Preventative measures or basins and ponds would not be of much assistance in 
reducing overall levels either.  Whilst SUDS might bring other benefits, insofar as 
this site is concerned it would appear that any reduction in finished levels would 
not be significant.   
26. There remains a degree of uncertainty in respect of finished levels, but maximum 
road/ground level are not anticipated to be significantly greater than 117.85m 
AOD and finished floor levels on the site perimeter are not likely to be much 
higher than 117.20m AOD (116.80+0.40).  As a result, I am satisfied that this 
uncertainty is not sufficient to prevent the visual impact of the reserved matters 
details from being properly assessed.   
27. Notwithstanding the generality of the second reason for refusal, the evidence of 
the Council’s landscape witness focused on the absence of a landscape buffer on 
the part of the site’s north western boundary which lies adjacent to the flood 
relief channel.  It was suggested that the outline application was approved on the 
basis of a plan which showed or implied a comprehensive landscape treatment of 
that edge.   
28. Although the Illustrative Master Plan shows a ‘landscape ecology buffer’ along 
most of the north western boundary it shows a ‘landscaped flood corridor’ on the 
part which encompasses the flood relief channel.  These are collectively described 
as ‘Green Corridors’ although it is clear that they are intended to perform 

Appeal Decision APP/L6940/A/08/2069580 
different functions.  The flood corridor being intended primarily to provide a flood 
relief channel, and to function as a wildlife corridor to facilitate the movement of 
species, but not to provide screening.   
29. The Council’s planning witness accepted that the masterplan effectively fixed 
these areas, which are referred to in the Section 106 Obligation.  This does not 
prevent landscaping within the appeal site but he accepted that extending the 
‘Green Corridors’ into the appeal site would entail renegotiation of the Section 
106 Obligation.  What is meant by the term ‘landscaped’ in relation to the ‘flood 
corridor’ may be open to interpretation. Nonetheless, examination of the 
masterplan shows the channel taking up most of the corridor, leaving little or no 
room for any screen planting such that none can be implied in this area.   

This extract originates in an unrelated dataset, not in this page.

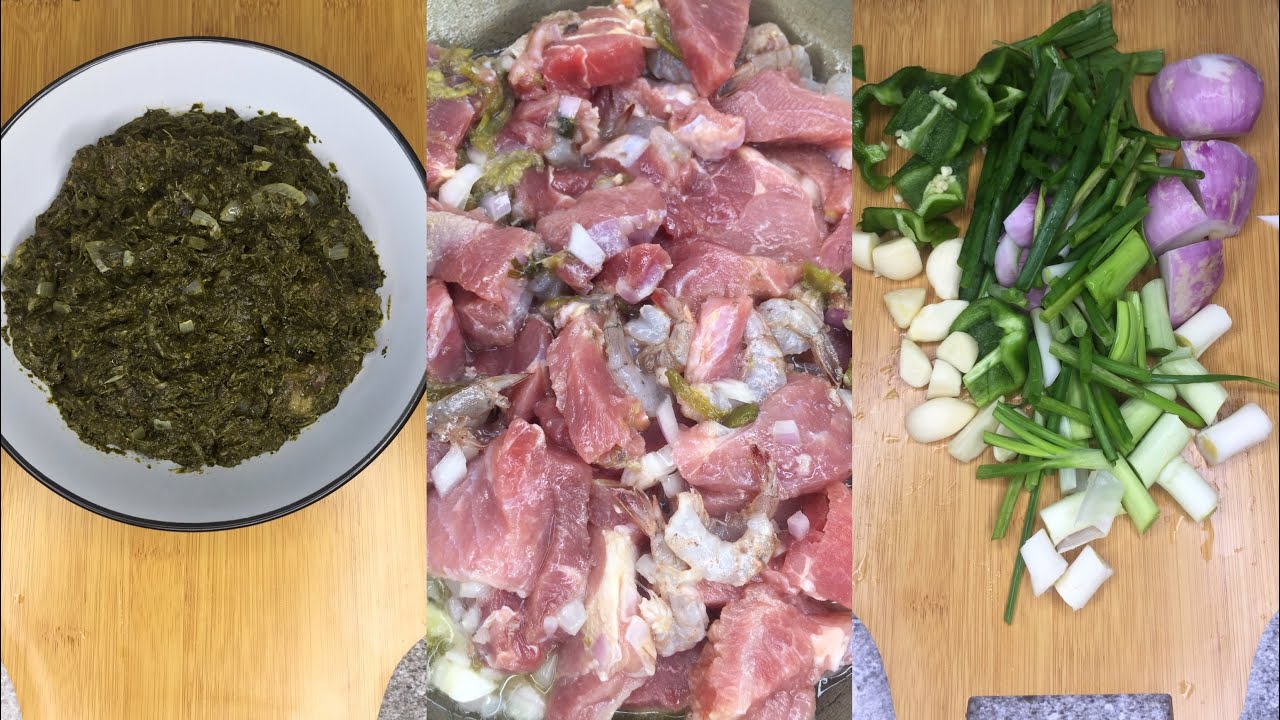 Feuille de manioc , Queue de Bœuf , viande a steak , crevette fraîche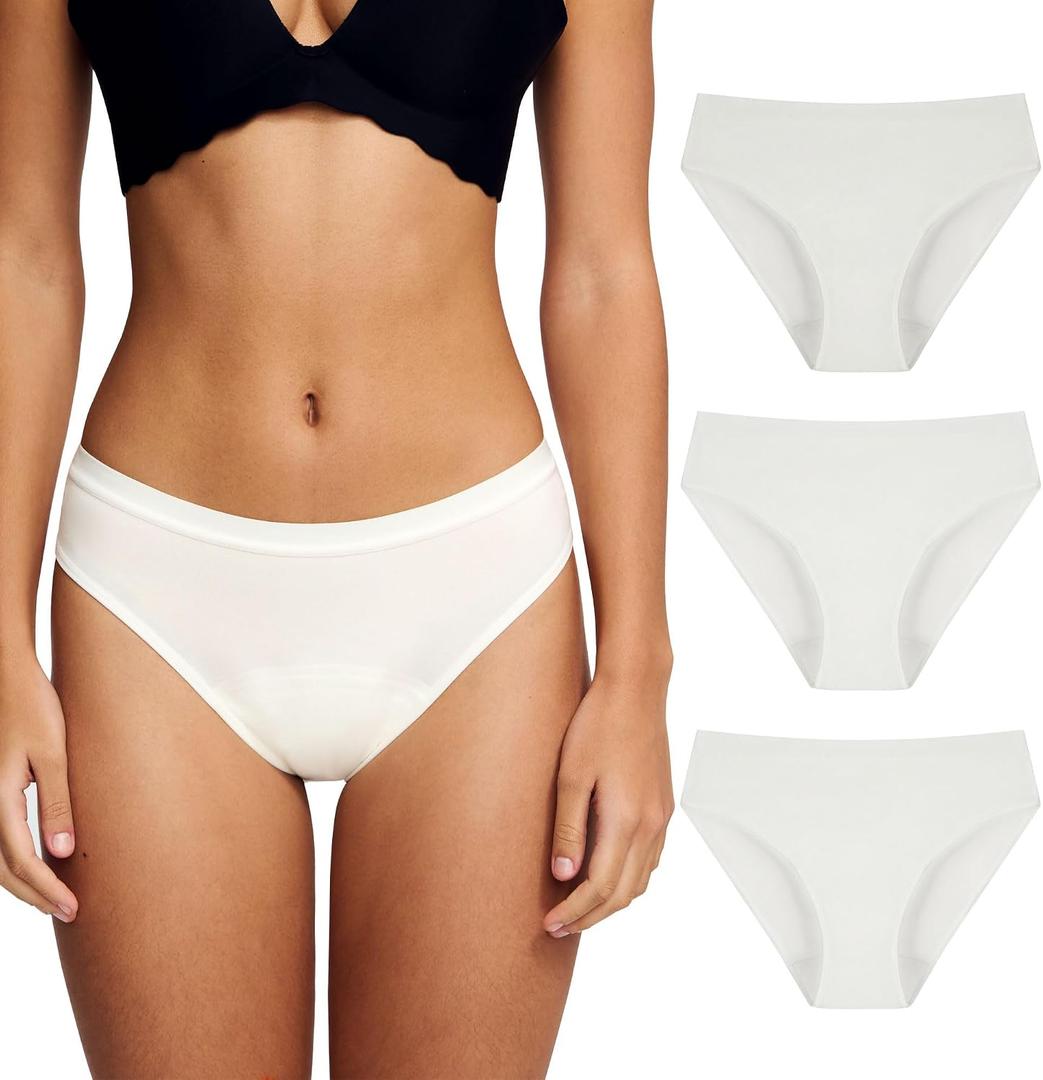 Battewa Leak Proof Underwear for Women Incontinence Underwear Teens Ladies Cotton Leakproof Panties Bikini Absorbent 40ml,3Pack (3White,Large)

30. The Design Statement submitted with the reserved matters application states that 
a planted buffer is proposed along the northern boundary of the site between it 
and the existing footpath.  However, this appears to be a general statement that 
does not distinguish between the ‘landscape ecology buffer’ and the ‘landscaped 
flood corridor’.   
31. The Council’s Urban Design Officer expressed disappointment that details of what 
is proposed in the planted buffer had not been submitted.  However, the Design 
Statement indicates that it is intended that the required details would be provided 
as part of the application to discharge condition 32 of the outline permission.  The 
Urban Design Officer welcomed the units looking outwards onto the planted 
buffers, footpaths and landscape beyond as this would supervise the new areas of 
public realm, create a quality backdrop onto these areas and give these edge 
units excellent views out of the site.  In my opinion, continuous screen planting 
would obviate these benefits. 
32. The Environment Agency indicate that, other than grass and low level vegetation, 
no planting must occur within the flood relief channel and that a 7m buffer zone 
free of large trees/shrubs is required adjacent to the channel.  This is likely to 
restrict the ability to plant the willow species and hawthorn referred to in the 
details submitted to discharge conditions 31 and 32 of the outline planning 
33. The Council’s landscape witness is of the opinion that the absence of robust and 
considered structure planting along this edge would result in pedestrians on the 
public footpath having a largely uninterrupted view of the housing development 
which would be compounded by the presence of cars, lighting and other 
paraphernalia typically found in gardens and driveways.  He suggests that this 
would provide an abrupt and unsympathetic urban to rural edge that would be 
harmful to the character and appearance of the surrounding area.  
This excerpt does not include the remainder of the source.